Some additional Seaborn examples

In [ ]:
import seaborn as sns
In [ ]:
sns.set_theme()
In [ ]:
# Adding hue argument to pairplot
sns.pairplot(df, hue='level of education')
Out[ ]:
<seaborn.axisgrid.PairGrid at 0x7f5b7e8b8730>
In [ ]:
# jointplot as a more complex scatterplot
sns.jointplot(data=df, x="salary", y="sales", hue="level of education")
Out[ ]:
<seaborn.axisgrid.JointGrid at 0x7f5b8929d2e0>
In [ ]:
# lmplot as a more complex scatterplot
sns.lmplot(data=df, x="salary", y="sales", hue="level of education")
Out[ ]:
<seaborn.axisgrid.FacetGrid at 0x7f5b7e8b8430>

Tasks

Task 24.1

Plot how salary depends on level of education. Use catplot and boxplot from Seaborn.

Task 24.2

Plot 3 pie charts showing the distribution of division for the following cases:

  1. All employees
  2. Education is 'high school'
  3. Salary is less than 100000
In [ ]:
# useful methods:
print(df['level of education'].unique())
sales_index = df['sales'] < 200000
print(sales_index.sum())

Task 24.3

Use parameters col and row of seaborn plot functions to plot a grid of salary/sales plots.

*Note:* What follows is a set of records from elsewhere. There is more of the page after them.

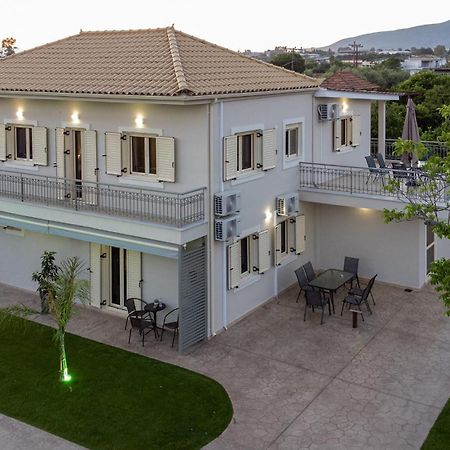 Kv Apartments Kalamata Exterior photo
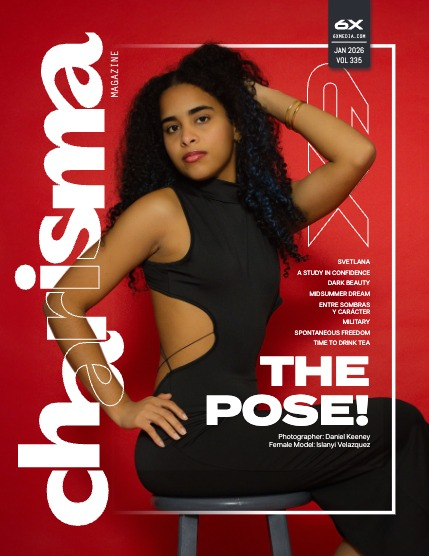 6X Charisma Vol 335, page 1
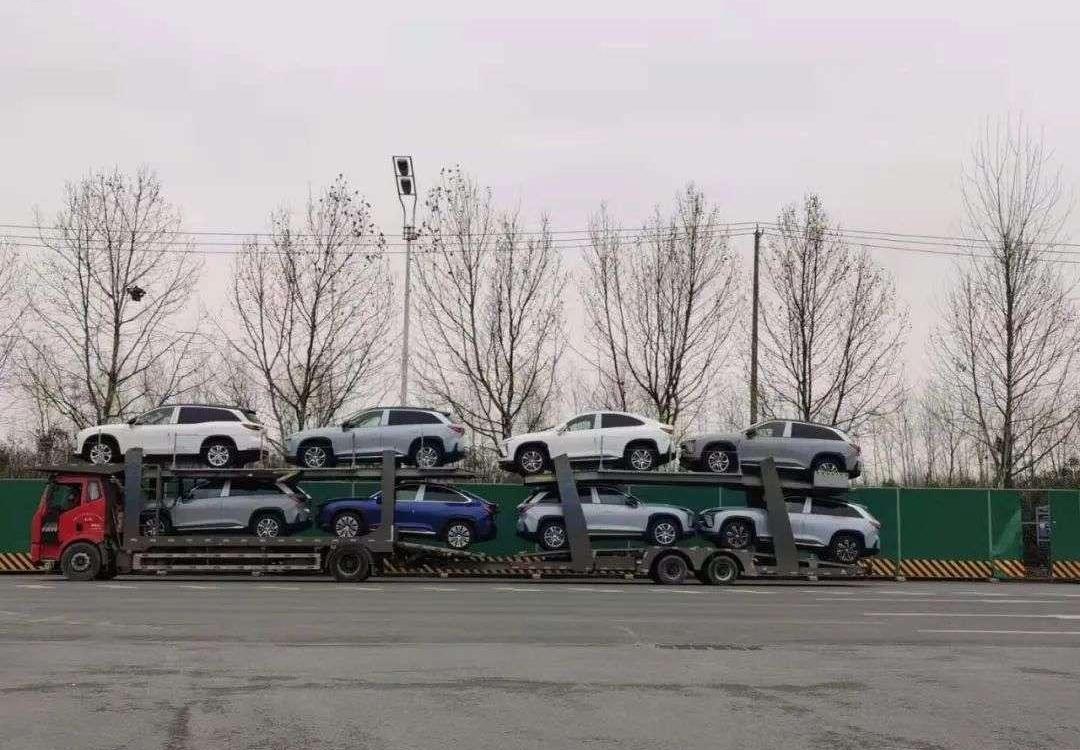 Weilai, Jianghuai, Tesla, Volkswagen and Jinlong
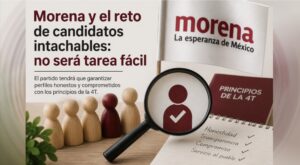 BUENOS CANDIDATOS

Each separate figure in the grid should be filtered by division and level of education.

Task 24.4* (same as workshop 23, task 10.2)

Plot the same graph as in task 24.1 but remove the outliers - the values of salary that are too far away from the average.

Remove those who are more than 2 standard deviations (.std()s) away from the mean.

Task 24.5*

Compute average salary for each combination of work experience and level of training.

Plot the resulting rectangle matrix as a heatmap.

If there is no data for some combination of work experience and level of training, fill that value with 0 or NaN.